We also obtained focal CNVs of 52 glioma samples at broad institute. Significant focal gains and deletions (q < 0.25) were found in 29 samples (29/52, 55.77%) at 5 loci (3 amplifications and 2 deletions). Among them, deletions at 9p21.3, 7p11.2 and amplification at 1q32.1 were the most frequent CNVs in glioma, with occurrence rates of 32.69% (17/52), 26.92% (14/52) and 13.46% (7/52) respectively (Additional file 1: Figure S4). 10 driver genes were involved in CNVs, including known tumor suppressors and oncogenes, such as EGFR (amplification, 7p11.2) and MET (amplification, 12q14.1). Many driver genes were also found to be implicated in the CNVs, including PIP4K2C (amplification, 12q14.1), REN (amplification, 1q32.1), PIK3C2B (amplification, 1q32.1), CDKN2B and CDKN2A (deletion, 9p21.3), COL6A3 and NEU2 (deletion, 2q37.3) and HDAC4 (deletion, 2q37.3).

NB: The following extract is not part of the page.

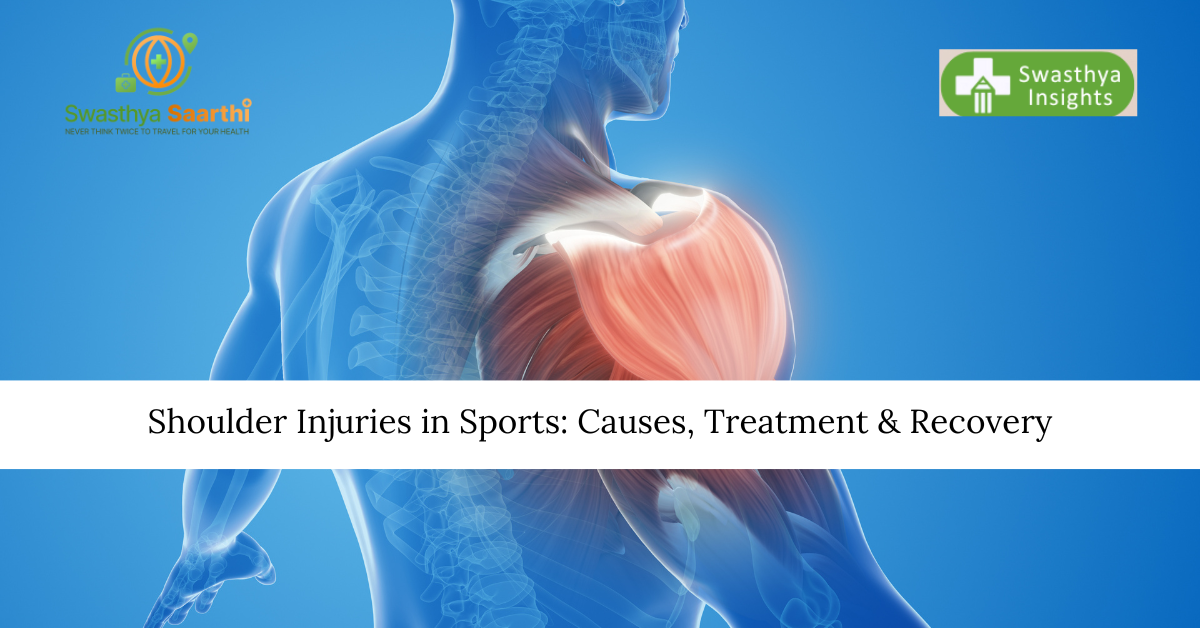 Shoulder Injuries in Sports: How Physiotherapy Can Help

We acquired RNAseq and clinical outcome data from TCGA to evaluate whether the expression of driver genes is associated to survival of glioma patients. Overall, Kaplan–Meier survival analyses showed that the expression of 268 driver genes was significantly related to clinical outcomes of glioma patients. The high expression of 162 driver genes was negatively correlated with survival rates of glioma patients, such as SAMD9L, SAMD9, VAV3, FLNA, KDELC2, BRCA2, MAP3K1, BRCA1, LAMA2 and PDGFD (Additional file 1: Table S10). By contrast, 106 driver genes showed positive correlation with patients’ prognosis, such as BMP2, CSMD3, SMOC1, FAM110B, SLC1A6, GABRB3, BAG1, SNAP91, CALN1 and MAPK9 (Additional file 1: Table S10). 133 driver genes were up-regulated and associated to poor prognoses in glioma patients, such as NOTCH2, STAT3, IDH1, ARID1A and MSH6 (Fig. 5a). On the contrary, 43 driver genes were down-regulated expression and related to favorable clinical outcomes in glioma patients, such as PIK3R1, FLT3, PIK3R1 and RUNX1T1 (Fig. 5b). These driver genes might be potential prognostic biomarkers for glioma patients in the future.